**Work item**
Begin with the line that holds "Cao răng là". Write out every line from there to the end of the listing below, word for word.

**Dataset**

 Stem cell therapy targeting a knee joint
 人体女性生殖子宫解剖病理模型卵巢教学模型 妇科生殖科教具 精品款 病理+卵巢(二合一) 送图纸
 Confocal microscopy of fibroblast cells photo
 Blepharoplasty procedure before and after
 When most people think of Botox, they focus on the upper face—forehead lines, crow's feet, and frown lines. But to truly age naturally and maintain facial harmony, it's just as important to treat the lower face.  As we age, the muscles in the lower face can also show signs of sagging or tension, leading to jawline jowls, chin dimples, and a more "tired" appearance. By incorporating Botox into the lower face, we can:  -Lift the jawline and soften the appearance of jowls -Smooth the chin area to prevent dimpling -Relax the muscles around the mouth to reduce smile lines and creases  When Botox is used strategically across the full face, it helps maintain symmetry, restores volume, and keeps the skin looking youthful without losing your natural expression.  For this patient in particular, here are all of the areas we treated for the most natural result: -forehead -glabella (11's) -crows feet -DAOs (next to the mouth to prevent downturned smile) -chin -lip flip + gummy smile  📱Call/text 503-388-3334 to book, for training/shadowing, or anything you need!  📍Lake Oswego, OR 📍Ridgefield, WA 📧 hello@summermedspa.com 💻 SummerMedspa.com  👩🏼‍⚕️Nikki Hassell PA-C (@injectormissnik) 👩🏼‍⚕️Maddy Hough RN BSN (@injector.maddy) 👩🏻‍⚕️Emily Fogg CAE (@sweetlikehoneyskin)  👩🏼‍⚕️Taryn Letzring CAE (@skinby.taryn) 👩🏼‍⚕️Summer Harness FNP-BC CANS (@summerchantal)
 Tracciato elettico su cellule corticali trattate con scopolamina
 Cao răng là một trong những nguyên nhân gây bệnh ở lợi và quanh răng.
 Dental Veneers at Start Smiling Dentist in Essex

**Exercise output**
 Cao răng là một trong những nguyên nhân gây bệnh ở lợi và quanh răng.
 Dental Veneers at Start Smiling Dentist in Essex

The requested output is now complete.